Der Flügelschlag schwarzer Schwingen verdichtete sich zu einem Rascheln, dessen Klang einem das Blut in den Adern gefrieren lassen konnte.
Einer dunklen Wolke gleich erhob sich der Schwarm der Fledermäuse aus den grauen Nebelbänken heraus, die aus den Wiesen emporkrochen. Ihre Körper hoben sich als dunkle Schatten gegen das Fahle des Vollmonds ab, der als runde Scheibe am dunklen Nachthimmel stand.

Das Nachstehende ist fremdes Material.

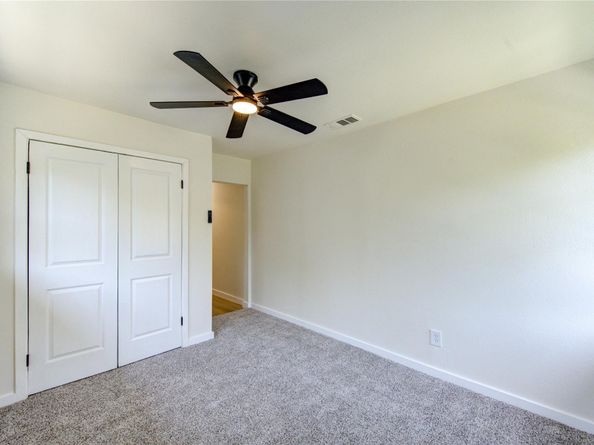 4914 Pershing Street, Houston TX 77033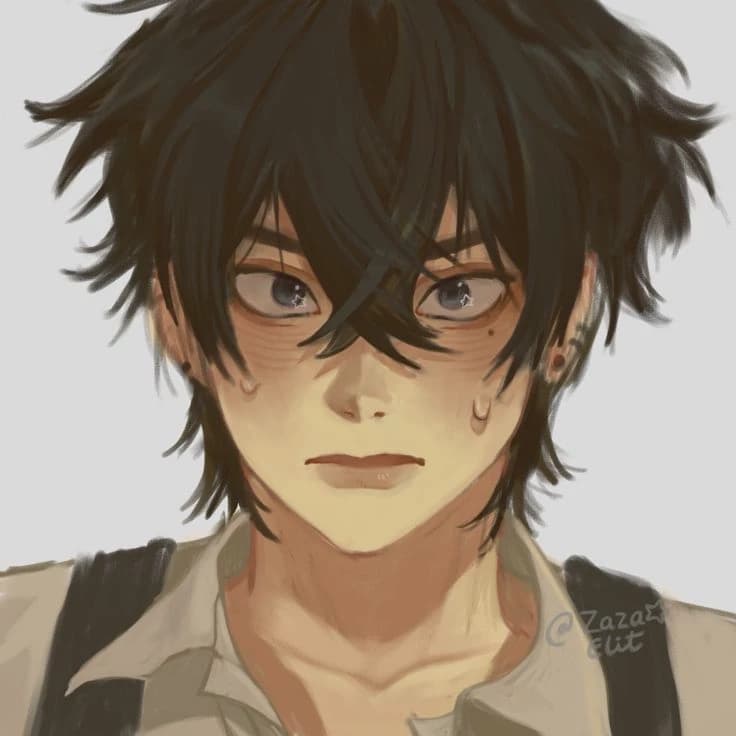 Fred / BL thumbnail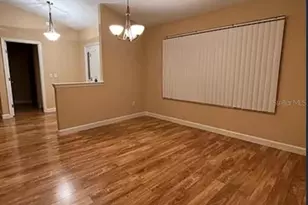 231 Wellington Dr, Palm Coast, FL 32164 - Photo 5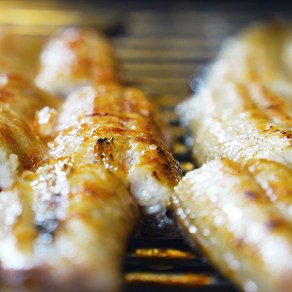국산 풍천민물장어 자포니카 1kg 소스2종, 2.민물장어2kg(살용량1kg)100g10팩, 1개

Der Schwarm wirkte wie ein einziger Organismus.
Er bewegte sich erst nordwärts, über die bewaldeten Anhöhen hinweg, dann ging es weiter über nebelverhangene Wiesen.

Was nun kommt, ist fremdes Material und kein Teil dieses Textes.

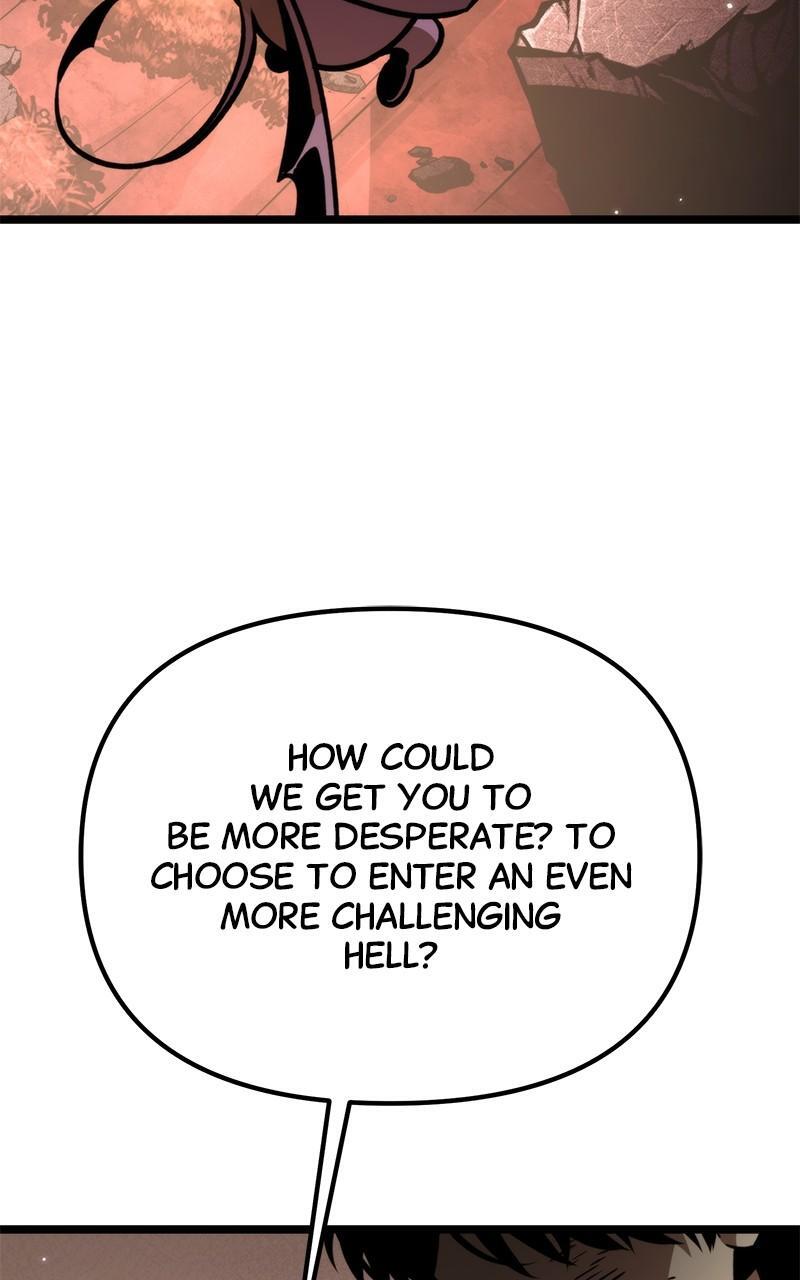Read Reincarnator Manga Online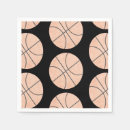 Recherche de basket ball serviettes Tribunal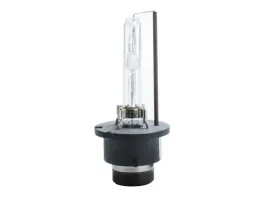 zarnik-xenon-palnik-ksenon-d2s-35w-6000k-hid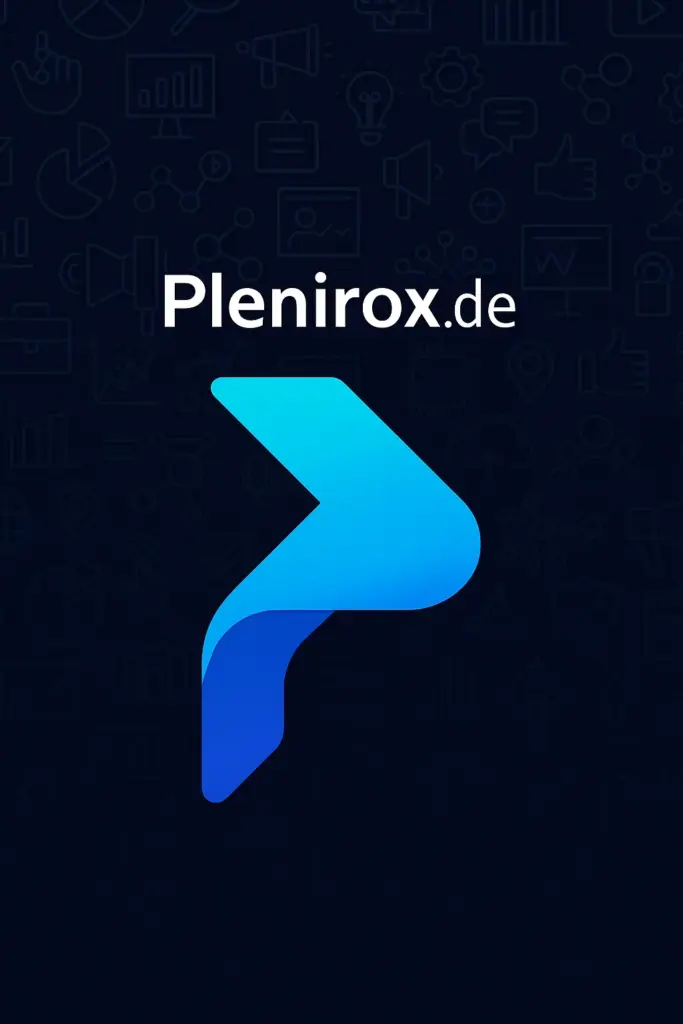 ad creative visual story post Plenirox 95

Und wie auf ein geheimes Zeichen hin stürzten sie hinab in die Schicht aus dichtem Bodennebel hinein. Ohrenbetäubende, schrille Kreischlaute stießen sie dabei hervor.
Es war ein Angriff.
Und während sie im Sturzflug auf den Boden zuschossen, setzte eine gespenstische Verwandlung ein. Ihre zierlichen Körper wuchsen ins Monströse und bildeten menschenähnliche Formen. Zusätzlich zu den Flügeln wuchsen ihnen Arme, die mit messerscharfen Krallen bewehrt waren.
Ihre Köpfe erinnerten jetzt an Affenschädel. Die Mäuler waren weit aufgerissen, so dass die überlangen Eckzähne zum Vorschein kamen. In den dunklen Augen dieser Kreaturen der Nacht spiegelte sich das Mondlicht. Ein unheimlicher, schier unersättlicher Hunger sprach aus ihnen.
Die ersten dieser Monstren verschwanden in der grauen Nebelschicht ...
Schreie gellten.
Furchtbare Todesschreie, die so verzerrt waren, dass kaum zu bestimmen war, ob sie menschlichen oder tierischen Ursprungs waren ...
„Hast du das gehört?‟
„Was denn?‟
„Diesen ... Schrei!‟
„Ein Tier!‟
„Ich weiß nicht ...‟
„Irgend etwas ist da draußen in der Dunkelheit‟, meinte Pat McRory. „Etwas Grauenhaftes!‟ Er schluckte. Ein unangenehmer Druck machte sich in seiner Magengegend breit.
Der Puls schlug ihm bis zum Hals. Sein Gesicht wirkte angestrengt. Furcht stand in seinen Zügen. Und nach den Vorkommnissen der letzten Zeit, war die auch angebracht.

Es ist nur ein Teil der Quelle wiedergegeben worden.